Ah, não, aquilo é só um fogão comum. Até parece magia, mas não é.

O caldeirão no centro é que se mantinha com magia. Coco usava a própria varinha como uma concha, para misturar o líquido rosa e dourado do qual estava cheio quase até a boca. O sorriso enérgico e os pequenos saltos que dava quando precisava cruzar a cozinha denunciavam sua empolgação mal contida. Às vezes ela pegava um pouco do líquido com o cristal na ponta da varinha e colocava uma amostra na mão, experimentando-o, vendo se precisava colocar mais disso ou mais daquilo. Com um assobio curto, um dos ingredientes menos usados pulou da estante direto em suas mãos, e ela prontamente despejou um pouco mais no caldeirão.

— Isso! Perfeito! – comemorou, ao experimentar de novo, soltando uma risada eufórica. – Quer provar?

— Sem chance – respondeu Kevin, a testa franzida em desconfiança. Coco franziu os lábios, mas seu olhar era divertido, apenas fingindo decepção.

— Mas por quê? Você gostou das trufas.

— Eu não sabia que era assim… – abaixou-se a tempo de evitar ser atingido por um dos condimentos voadores – …que elas eram feitas.

— Tudo aqui é perfeitamente dentro dos padrões de saneamento.

— Não foi o que eu quis dizer, mas você ter falado isso assim do nada me deixa preocupado. – Kevin ajeitou uma mecha de cabelo de volta para dentro da touca que Coco o forçara a usar. – Aliás, o que estou fazendo aqui?

— Preciso de ajuda, a encomenda é grande.

— Eu não sei cozinhar. E tenho certeza que sou atendente, não auxiliar de cozinha, isso seria acúmulo de função. Você deveria aumentar meu salário.

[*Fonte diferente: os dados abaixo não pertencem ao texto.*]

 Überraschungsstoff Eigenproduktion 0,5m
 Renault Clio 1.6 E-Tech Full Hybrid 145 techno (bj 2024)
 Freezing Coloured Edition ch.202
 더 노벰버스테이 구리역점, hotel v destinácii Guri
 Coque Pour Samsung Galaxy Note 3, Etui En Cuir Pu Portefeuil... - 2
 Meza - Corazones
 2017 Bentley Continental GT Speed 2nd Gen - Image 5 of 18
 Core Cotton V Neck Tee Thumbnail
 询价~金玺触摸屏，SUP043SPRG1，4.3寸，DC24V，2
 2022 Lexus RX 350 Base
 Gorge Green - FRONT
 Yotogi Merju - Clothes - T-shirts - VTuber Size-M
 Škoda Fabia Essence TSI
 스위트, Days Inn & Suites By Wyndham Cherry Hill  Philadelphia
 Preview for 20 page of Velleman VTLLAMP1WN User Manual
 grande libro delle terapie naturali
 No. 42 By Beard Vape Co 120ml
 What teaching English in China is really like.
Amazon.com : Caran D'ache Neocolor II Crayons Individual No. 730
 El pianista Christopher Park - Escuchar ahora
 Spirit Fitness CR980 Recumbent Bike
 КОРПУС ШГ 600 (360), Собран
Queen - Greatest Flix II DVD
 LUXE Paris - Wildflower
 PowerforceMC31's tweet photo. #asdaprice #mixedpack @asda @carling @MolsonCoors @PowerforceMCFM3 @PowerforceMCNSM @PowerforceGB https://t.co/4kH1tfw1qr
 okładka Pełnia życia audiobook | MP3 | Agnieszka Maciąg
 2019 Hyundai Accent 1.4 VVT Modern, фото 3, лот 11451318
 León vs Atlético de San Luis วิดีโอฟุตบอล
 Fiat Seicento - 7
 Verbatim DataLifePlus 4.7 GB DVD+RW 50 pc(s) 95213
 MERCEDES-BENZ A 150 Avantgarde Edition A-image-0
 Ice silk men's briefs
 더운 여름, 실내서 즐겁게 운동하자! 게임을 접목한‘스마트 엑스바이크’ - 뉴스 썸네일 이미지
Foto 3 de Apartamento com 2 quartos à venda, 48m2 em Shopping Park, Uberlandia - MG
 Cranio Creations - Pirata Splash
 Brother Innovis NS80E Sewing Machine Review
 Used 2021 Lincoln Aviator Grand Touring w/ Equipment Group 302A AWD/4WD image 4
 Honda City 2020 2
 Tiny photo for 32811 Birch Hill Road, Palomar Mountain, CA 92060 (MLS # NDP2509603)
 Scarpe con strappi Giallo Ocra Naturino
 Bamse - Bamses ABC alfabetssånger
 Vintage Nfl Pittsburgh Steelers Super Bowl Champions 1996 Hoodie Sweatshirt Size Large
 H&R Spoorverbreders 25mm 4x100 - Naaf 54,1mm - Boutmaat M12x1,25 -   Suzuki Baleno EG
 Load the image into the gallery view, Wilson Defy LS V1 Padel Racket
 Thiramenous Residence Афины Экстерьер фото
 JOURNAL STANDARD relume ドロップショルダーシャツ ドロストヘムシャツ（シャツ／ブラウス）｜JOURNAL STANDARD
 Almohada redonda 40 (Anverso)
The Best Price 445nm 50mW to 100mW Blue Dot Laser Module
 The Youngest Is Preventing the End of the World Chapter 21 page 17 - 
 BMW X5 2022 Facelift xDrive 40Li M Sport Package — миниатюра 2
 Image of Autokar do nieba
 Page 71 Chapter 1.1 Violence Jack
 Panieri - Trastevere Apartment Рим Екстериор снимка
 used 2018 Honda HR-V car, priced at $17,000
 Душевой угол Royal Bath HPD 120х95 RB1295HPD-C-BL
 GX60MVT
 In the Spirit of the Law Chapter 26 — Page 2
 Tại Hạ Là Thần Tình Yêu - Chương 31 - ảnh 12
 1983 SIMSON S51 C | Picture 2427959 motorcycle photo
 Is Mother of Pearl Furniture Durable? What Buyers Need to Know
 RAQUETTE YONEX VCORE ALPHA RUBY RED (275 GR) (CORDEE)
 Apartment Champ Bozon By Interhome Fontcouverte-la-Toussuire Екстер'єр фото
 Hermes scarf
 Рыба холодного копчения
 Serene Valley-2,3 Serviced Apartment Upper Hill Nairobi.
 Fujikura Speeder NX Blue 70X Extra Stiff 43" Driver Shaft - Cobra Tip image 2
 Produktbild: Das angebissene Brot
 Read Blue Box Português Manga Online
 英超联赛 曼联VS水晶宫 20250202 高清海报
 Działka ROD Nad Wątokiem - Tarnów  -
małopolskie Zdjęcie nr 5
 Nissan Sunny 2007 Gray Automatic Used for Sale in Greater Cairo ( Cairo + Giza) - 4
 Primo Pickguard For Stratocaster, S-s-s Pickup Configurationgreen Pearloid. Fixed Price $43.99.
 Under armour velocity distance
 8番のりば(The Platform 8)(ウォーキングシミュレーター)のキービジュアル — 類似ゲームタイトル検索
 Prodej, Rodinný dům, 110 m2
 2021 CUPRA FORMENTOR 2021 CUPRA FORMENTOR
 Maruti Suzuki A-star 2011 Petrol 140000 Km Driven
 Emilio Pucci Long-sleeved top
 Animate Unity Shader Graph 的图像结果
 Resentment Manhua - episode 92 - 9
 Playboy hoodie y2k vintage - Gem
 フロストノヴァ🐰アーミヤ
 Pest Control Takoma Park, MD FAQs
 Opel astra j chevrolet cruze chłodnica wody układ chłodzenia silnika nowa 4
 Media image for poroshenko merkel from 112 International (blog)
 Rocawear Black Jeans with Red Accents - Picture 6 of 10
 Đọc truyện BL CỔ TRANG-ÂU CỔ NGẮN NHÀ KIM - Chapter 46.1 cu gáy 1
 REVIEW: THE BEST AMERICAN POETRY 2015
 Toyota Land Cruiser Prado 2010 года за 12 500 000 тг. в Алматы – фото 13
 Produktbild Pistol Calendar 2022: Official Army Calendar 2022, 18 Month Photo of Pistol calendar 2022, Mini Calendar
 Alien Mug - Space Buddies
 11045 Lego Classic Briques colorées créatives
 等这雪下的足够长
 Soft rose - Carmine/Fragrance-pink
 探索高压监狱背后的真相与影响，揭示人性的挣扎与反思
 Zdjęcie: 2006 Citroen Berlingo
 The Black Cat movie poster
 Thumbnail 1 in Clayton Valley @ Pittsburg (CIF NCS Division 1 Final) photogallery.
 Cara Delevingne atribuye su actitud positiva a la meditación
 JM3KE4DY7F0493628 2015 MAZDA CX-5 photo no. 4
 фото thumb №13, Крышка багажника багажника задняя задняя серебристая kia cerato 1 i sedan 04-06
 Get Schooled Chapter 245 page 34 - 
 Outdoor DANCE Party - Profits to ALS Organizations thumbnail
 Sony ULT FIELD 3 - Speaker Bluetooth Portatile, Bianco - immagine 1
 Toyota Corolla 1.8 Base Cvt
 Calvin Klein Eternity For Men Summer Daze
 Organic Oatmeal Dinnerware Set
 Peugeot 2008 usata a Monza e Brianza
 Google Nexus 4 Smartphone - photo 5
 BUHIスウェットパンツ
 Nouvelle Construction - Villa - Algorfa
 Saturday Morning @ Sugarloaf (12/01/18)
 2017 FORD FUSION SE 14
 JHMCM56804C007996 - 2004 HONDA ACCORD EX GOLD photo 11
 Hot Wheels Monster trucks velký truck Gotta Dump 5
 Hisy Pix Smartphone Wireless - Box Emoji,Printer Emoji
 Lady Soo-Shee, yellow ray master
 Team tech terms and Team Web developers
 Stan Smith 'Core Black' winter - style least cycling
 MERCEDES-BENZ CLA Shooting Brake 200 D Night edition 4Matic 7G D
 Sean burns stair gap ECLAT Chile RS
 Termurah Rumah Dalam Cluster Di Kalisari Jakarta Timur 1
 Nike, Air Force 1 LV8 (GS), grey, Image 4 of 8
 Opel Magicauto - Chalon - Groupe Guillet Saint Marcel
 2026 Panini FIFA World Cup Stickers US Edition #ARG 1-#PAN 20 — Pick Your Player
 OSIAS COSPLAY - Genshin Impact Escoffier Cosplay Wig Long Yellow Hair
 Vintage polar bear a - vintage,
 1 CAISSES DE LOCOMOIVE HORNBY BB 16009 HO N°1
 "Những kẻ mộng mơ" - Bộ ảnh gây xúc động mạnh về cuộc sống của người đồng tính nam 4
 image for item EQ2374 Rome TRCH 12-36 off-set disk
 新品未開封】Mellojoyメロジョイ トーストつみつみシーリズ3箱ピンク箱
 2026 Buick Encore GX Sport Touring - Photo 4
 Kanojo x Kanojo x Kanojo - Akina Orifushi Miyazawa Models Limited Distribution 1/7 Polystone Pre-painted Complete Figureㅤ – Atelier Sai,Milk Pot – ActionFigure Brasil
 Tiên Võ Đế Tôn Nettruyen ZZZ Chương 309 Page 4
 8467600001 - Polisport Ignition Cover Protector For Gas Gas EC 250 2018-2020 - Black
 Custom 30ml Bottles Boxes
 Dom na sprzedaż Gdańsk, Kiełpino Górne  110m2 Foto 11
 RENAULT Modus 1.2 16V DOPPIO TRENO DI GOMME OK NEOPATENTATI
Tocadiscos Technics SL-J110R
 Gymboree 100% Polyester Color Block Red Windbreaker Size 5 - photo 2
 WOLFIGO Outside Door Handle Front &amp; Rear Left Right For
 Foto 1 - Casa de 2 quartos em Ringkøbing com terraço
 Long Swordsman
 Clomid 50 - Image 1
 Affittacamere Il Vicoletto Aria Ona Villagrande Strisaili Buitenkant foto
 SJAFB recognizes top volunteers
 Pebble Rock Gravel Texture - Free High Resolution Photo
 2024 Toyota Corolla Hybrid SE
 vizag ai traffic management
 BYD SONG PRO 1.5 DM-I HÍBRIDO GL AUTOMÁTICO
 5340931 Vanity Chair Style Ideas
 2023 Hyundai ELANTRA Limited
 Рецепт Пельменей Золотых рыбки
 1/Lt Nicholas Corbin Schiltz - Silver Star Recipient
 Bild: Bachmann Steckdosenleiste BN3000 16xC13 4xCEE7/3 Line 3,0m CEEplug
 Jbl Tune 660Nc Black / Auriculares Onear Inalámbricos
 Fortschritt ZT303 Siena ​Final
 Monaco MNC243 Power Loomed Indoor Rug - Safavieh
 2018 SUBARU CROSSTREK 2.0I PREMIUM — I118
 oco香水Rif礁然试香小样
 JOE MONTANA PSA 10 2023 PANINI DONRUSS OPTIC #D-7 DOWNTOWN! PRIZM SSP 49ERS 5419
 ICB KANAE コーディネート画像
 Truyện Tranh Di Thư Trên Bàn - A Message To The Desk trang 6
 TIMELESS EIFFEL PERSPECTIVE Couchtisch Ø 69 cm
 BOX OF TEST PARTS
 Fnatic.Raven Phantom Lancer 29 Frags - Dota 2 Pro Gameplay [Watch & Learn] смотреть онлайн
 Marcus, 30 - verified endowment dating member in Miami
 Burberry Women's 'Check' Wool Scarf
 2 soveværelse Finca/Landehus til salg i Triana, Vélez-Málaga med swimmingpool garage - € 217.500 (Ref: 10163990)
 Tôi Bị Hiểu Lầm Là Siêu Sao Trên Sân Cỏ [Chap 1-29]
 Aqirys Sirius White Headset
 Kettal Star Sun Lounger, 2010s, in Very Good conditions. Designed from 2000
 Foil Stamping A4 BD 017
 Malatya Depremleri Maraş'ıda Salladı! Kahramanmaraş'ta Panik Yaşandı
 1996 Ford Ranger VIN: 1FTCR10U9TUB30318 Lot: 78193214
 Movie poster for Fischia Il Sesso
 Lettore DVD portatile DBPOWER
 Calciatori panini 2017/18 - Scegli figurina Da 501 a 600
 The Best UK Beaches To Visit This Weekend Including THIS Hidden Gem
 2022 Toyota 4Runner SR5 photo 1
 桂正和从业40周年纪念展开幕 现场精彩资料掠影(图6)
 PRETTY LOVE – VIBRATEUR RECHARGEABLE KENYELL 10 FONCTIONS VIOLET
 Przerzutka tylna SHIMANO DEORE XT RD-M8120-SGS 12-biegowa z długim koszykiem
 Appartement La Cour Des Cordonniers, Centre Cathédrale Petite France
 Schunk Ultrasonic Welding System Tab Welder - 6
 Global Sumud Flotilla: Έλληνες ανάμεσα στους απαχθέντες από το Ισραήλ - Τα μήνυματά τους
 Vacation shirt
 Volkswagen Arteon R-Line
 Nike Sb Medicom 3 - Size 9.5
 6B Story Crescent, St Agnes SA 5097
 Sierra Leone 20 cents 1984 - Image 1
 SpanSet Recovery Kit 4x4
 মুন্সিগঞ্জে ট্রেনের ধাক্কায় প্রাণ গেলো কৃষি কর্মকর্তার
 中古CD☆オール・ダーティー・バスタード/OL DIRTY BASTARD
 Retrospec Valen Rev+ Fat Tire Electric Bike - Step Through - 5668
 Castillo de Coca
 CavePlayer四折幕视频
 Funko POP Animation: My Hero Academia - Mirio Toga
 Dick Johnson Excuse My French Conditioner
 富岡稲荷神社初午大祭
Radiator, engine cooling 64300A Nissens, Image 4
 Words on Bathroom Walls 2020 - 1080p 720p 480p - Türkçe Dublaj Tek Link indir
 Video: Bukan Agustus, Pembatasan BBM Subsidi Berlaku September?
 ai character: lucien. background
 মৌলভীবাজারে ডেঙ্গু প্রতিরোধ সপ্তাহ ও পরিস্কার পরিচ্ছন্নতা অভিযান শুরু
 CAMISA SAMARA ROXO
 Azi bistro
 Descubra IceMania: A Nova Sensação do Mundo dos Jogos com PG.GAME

— Ok, considere aumentado!

Kevin piscou, estático. No pouco tempo em que trabalhava para ela, havia percebido que Coco era uma chefe bastante flexível, mas tanto assim? Por que não encontrara essa vaga antes? Por que seus outros chefes não resolviam as coisas dessa forma? Seus chefes anteriores só falavam daquelas coisas chatas: “Kevin, você tem que repor o estoque! Kevin, você não pode deixar a janela aberta, as fadas invadem! Kevin, vá limpar a bagunça que as fadas fizeram! Kevin, está demitido!” Nenhum deles dizia “Kevin, como você está? Você parece cansado. Precisa de um aumento, assim, pela amizade? Tome aqui R$ 15.000,00 adiantado, e tire uma folga pelo resto do ano.”

Com esse cenário, Kevin percebeu que estava devaneando e se forçou a cair na real. Nenhum chefe era assim tão legal. Cruzou os braços e ergueu uma sobrancelha, cético.

— É sério? Qual a pegadinha?

— Nenhuma. – Ela deu de ombros. – Seu salário foi aumentado, parabéns! Você vai conseguir me pagar mais rápido pelo prejuízo que me causou.

— Ah, é claro. Sabia que tinha uma pegadinha.

— Não é uma pegadinha, é o acordo justo que nós fizemos.

“Nós”? Kevin lembrava-se bem que Coco fizera sozinha aquele acordo e praticamente o impôs sobre ele, pobre coitado que deu o azar de escolher a loja errada para se esconder. É verdade, ele tinha prejudicado bastante Coco naquele dia por um mero descuido, mas ainda assim, não achou o “acordo” assim tão divertido para ele.

— Tá, que seja… O que é para eu fazer?

— Pode passar calda de caramelo nos ursinhos? A calda está ali! Cuidado para não colocar demais, ou a cena é bem triste… Não se preocupe com os ursinhos, eles já vão chegar.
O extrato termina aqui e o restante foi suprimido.